Ci, którzy na co dzień nie interesują się kitesurfingiem, mogli zakochać się w tej dyscyplinie sportu. Organizatorzy zaplanowali trasę tak, żeby wszyscy kibice i gapie mogli z niedalekiej odległości podziwiać zmagania zawodników. Nawet jeśli w pobliżu nie było fanów kitesurfingu, można było znaleźć wiele innych atrakcji. Trampoliny dla dzieci, miejsce do siatkówki plażowej, szkółka kite. Znalazło się także miejsce na integrację, ponieważ na koniec pierwszego dnia wszyscy przenieśli się do klubu Senso.

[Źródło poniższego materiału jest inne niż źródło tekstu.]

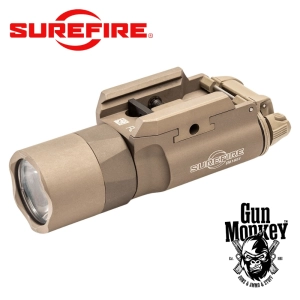 Latarka taktyczna Surefire X300U kol. TAN (X300U-B-TN)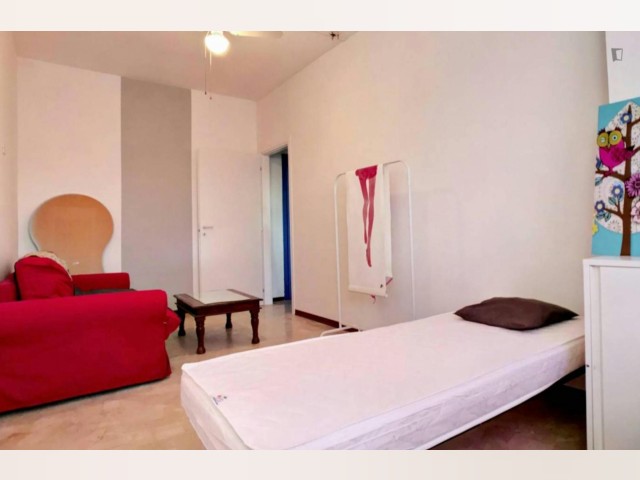 Italy furnished Room in Lombardy, Milan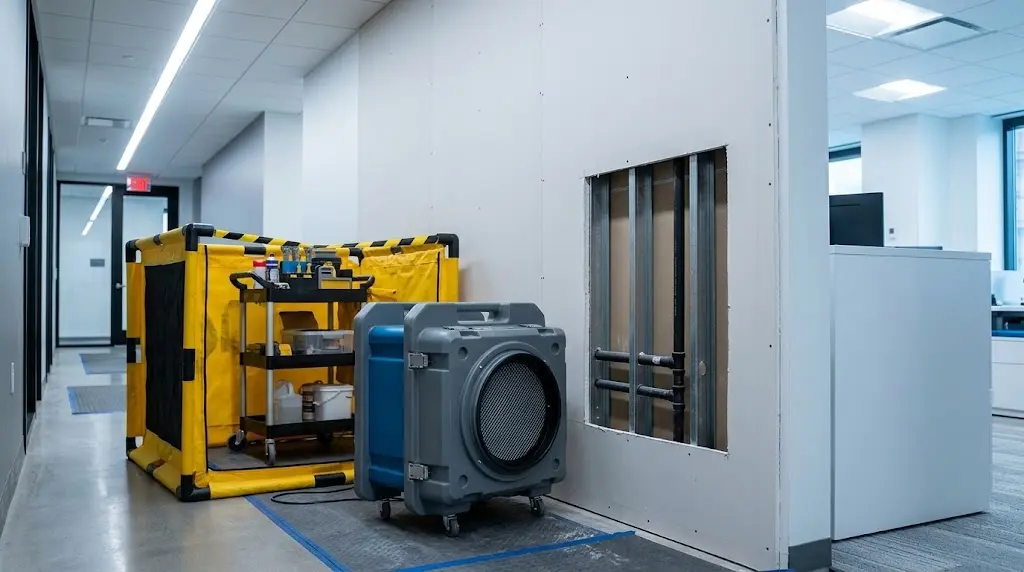 does mold remediation work
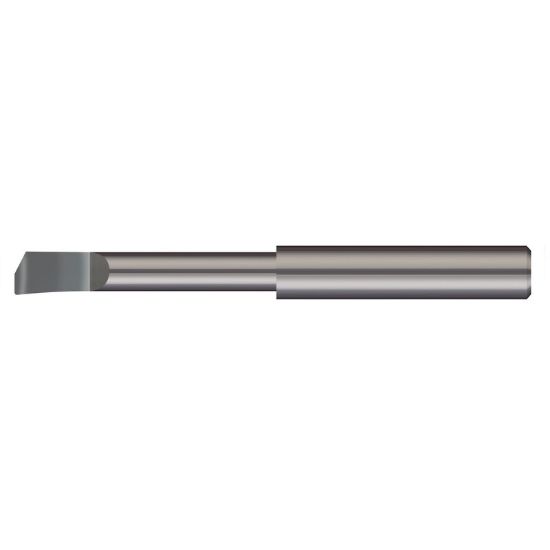 Picture of MICRO 100 HBBC-3601000-004 Solid Tool Back Boring Swiss 0.375 Shank 0.34 Min Bore 2.500 OAL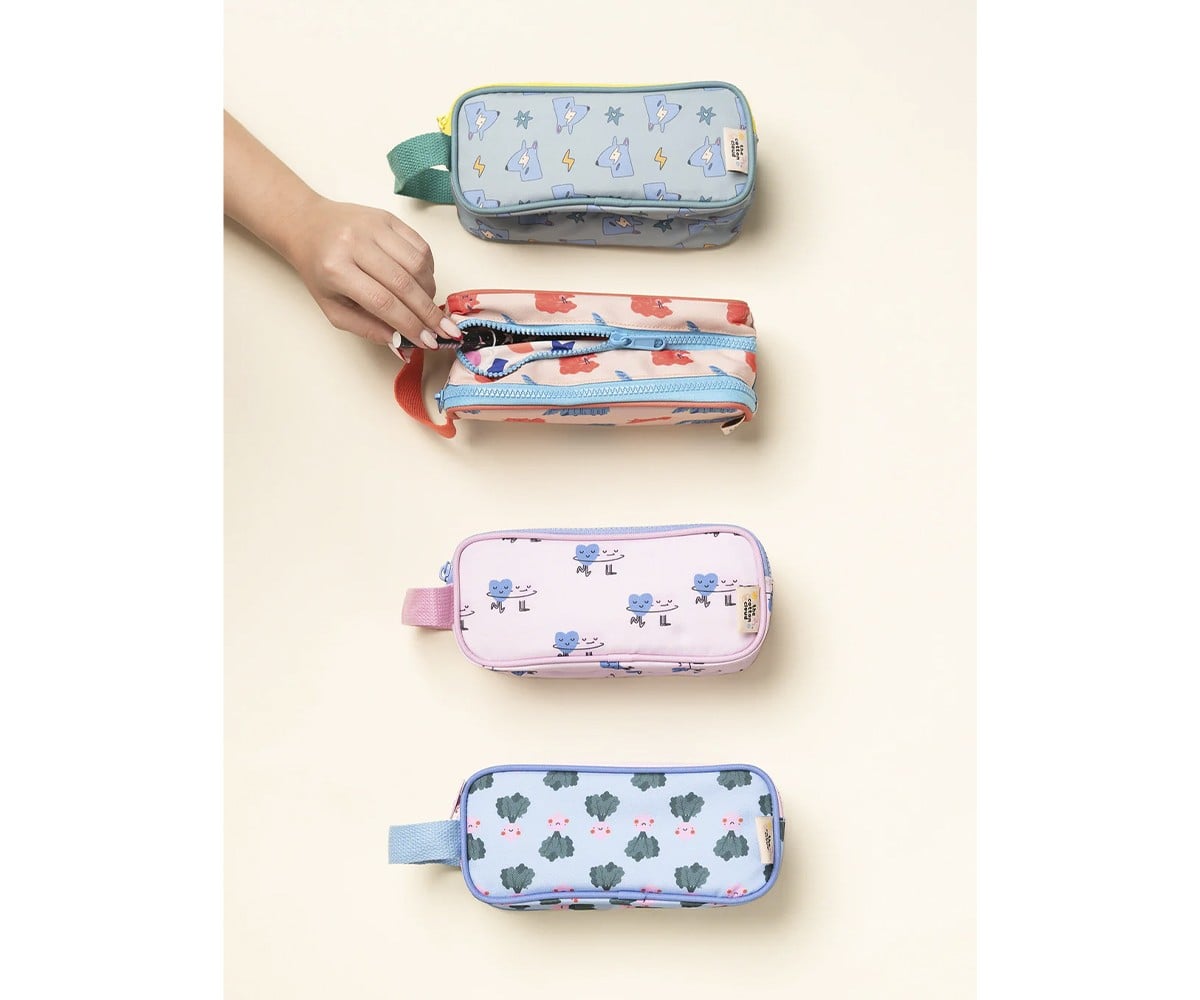 Trousse Rectangulaire Meowtiful Cats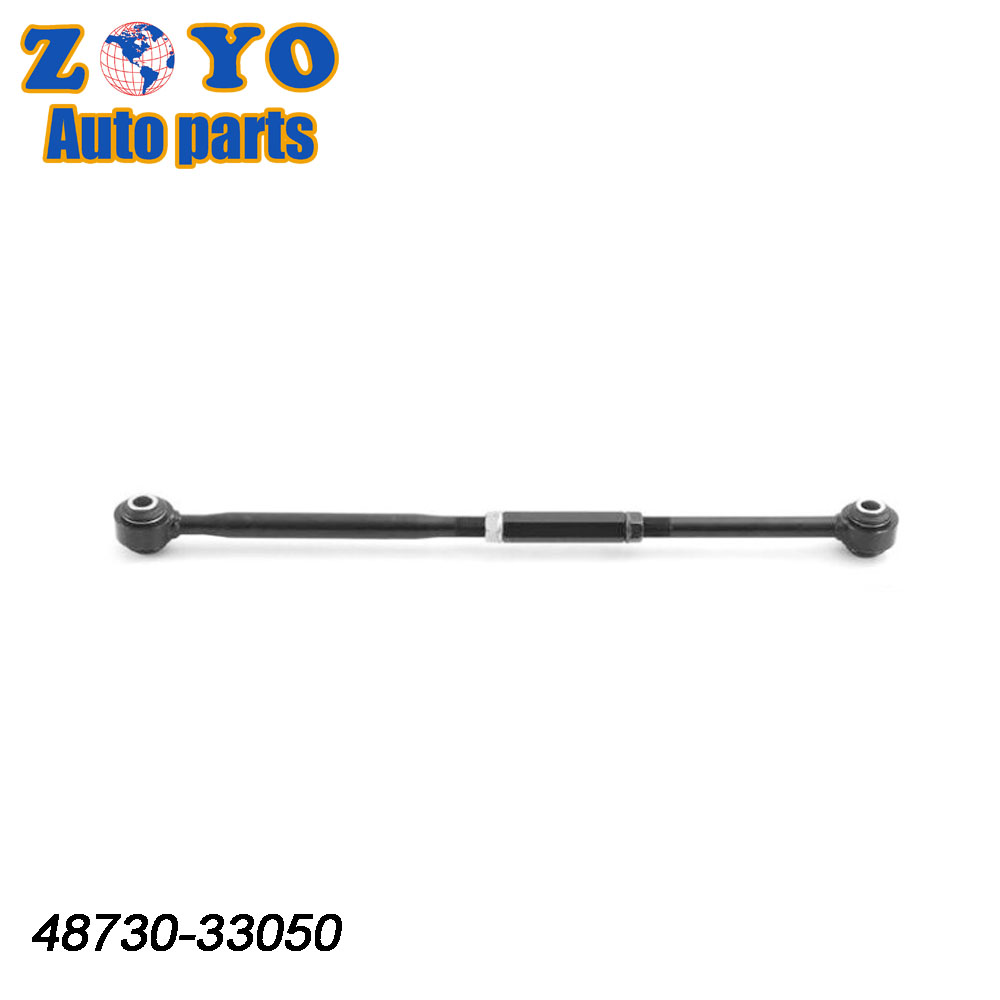 OE NO. 48740-33060 Rear Control Arm Bushing for Toyota Harrier 2005 Suspension Parts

W pierwszym dniu zawodów, bliski zwycięstwa był reprezentant Koszalina, Maks Żakowski, który ostatecznie zajął drugą pozycję.
Mężczyźni: 1. T. Janiak 2. M. Żakowski 3. P.Miarczyński 4. M. Rowiński 5. A. Kusalewicz 6. P. Boher 7. M. Czernicki 8. J. Bartecki 9. A. Ożóg 10. T. Barańczuk 11. I. Aleksiejuk 12. P. Lenkowski 13. B. Ożóg (kontuzjowany po pierwszym wyścigu).
- Oczekuję, że nie będziemy mieli problemów z wiatrem i pogodą - mówił Stein Knutsen, prezes Firmus Group, sponsora głównego zawodów w Mielnie. Niestety, ale pierwszy start zaplanowany na godzinę 10:00 nie mógł dojść do skutku, ponieważ brak wiatru nie pozwolił wystartować zawodnikom do... samego wieczora. Kiteserferzy długo czekali na odpowiednie warunki do rozpoczęcia zawodów, jednak w drugim dniu żaden z nich nie wystartował.
Trzeci dzień przyniósł końcowe rezultaty. Z czterech wyścigów, trzy wygrał koszalinianin Maks Żakowski (w ostatnim miał falstart). Warunki w końcu dopisały, a silny wiatr i duże fale tylko pomogły zawodnikom.